In buona sostanza nel descritto illecito si ricorreva a soggetti
giuridici "di comodo" usati come meri “contenitori” della forza lavoro
che veniva strumentalmente allocata - in contesti evasivi - mediante la
dissimulazione di contratti attestanti appalti per inesistenti
“prestazioni di servizio” in luogo alla reale “fornitura di manodopera”.
In tale ambito:
- i lavoratori, per lo più appartenenti a contesti c.d. “deboli”,
ovvero immigrazione esterna (Slovenia, Romania, Repubblica Ceca,
Slovacca, ecc.) e/o interna (regioni del Meridione d’Italia) risultavano
occupati senza provvedere (o ottemperando parzialmente) agli obblighi
fiscali, previdenziali, assicurativi e giuslavorativi;
- le società effettivamente utilizzatrici della manodopera evitavano
gli oneri previdenziali e assistenziali connessi alla stipula del
contratto di lavoro e potevano indebitamente detrarre l’iva esposta
nelle fatture dalla società appaltatrice;
- le società che fornivano i lavoratori venivano dopo breve periodo
messe in liquidazione o lasciate inattive e quindi sostituite con altre
dalle medesime caratteristiche cui veniva fatta convergere la
prosecuzione delle attività criminose. "
Le società coinvolte
Le indagini condotte dalla Guardia di Finanza di Spilimbergo hanno
consentito di individuare 13 società attive nella fornitura di
manodopera tutte aventi strumentalmente la sede legale nella provincia
di Sassari malgrado che nessuno delle centinaia di lavoratori impiegati o
delle decine di aziende utilizzatrici degli stessi manifestasse una
concreta presenza o interessi economici in Sardegna.
I luoghi di impiego dei lavoratori
Per contro i lavoratori venivano occupati in 37 aziende, con sede
nelle provincie di Venezia, Brescia, Padova, Treviso, Vicenza, Bergamo,
Modena, Pavia e Milano (i cui rappresentanti legali sono ora indagati).
Per tali attività illecite risultano indagate dalla Procura della
Repubblica di Pordenone complessivamente 59 persone dei quali 4 per
associazione a delinquere, 48 per reati tributari e 7 per reati di
riciclaggio, questi ultimi in relazione ad attività distrattive, per
circa 700.000 euro, effettuate sui conti correnti societari operate per
il tramite di carte prepagate e vaglia postali.
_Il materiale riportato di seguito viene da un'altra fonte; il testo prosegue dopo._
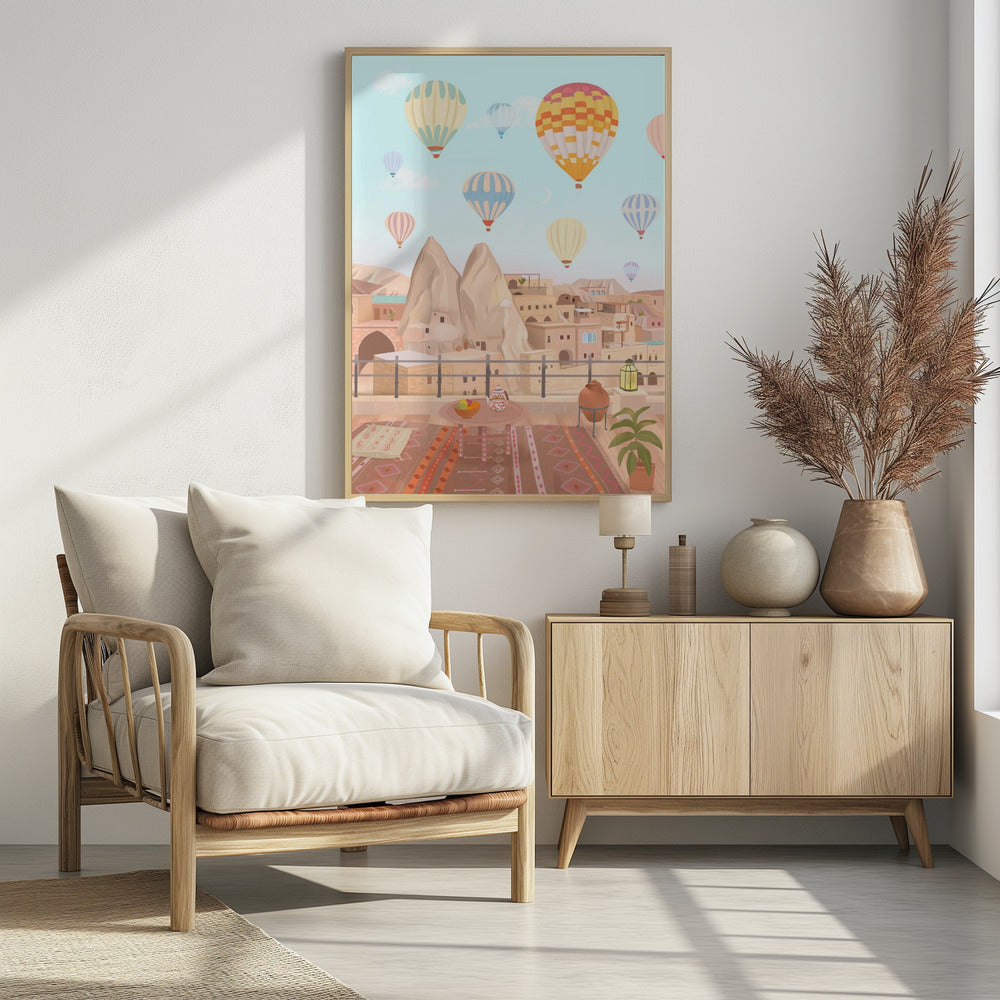 Cappadokia | Poster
Sono state, inoltre, complessivamente individuate 1.057 posizioni
lavorative collegate a siffatti impieghi illegali di manodopera per le
quali sono state rilevate plurime violazioni alle normative fiscali,
previdenziali, assicurative e giuslavorative nonché l’emissione di
fatture per operazioni inesistenti per circa 21 milioni di euro a queste
correlate.
Beni sequestrati
Il Giudice delle Indagini Preliminari di Pordenone su richiesta della
Procura della Repubblica ha disposto un sequestro per equivalente per
l’importo di 3.978.000 euro nei confronti del soggetto promotore delle
illecite attività, la cui esecuzione ha consentito di sequestrare due
immobili di pregio, disponibilità finanziarie e due autovetture (una
Porsche 911 versione 993 e una BMW 650i). Nel corso di una perquisizione
domiciliare effettuate nel pordenonese nei confronti del medesimo
soggetto sono stati infine sequestrati 55.000 euro in contanti (in gran
parte in banconote da 500 e 200 euro) da questi occultate sotto il
ripiano di una scrivania."
Che altro si deve aspettare per capire che qui esiste un problema enorme?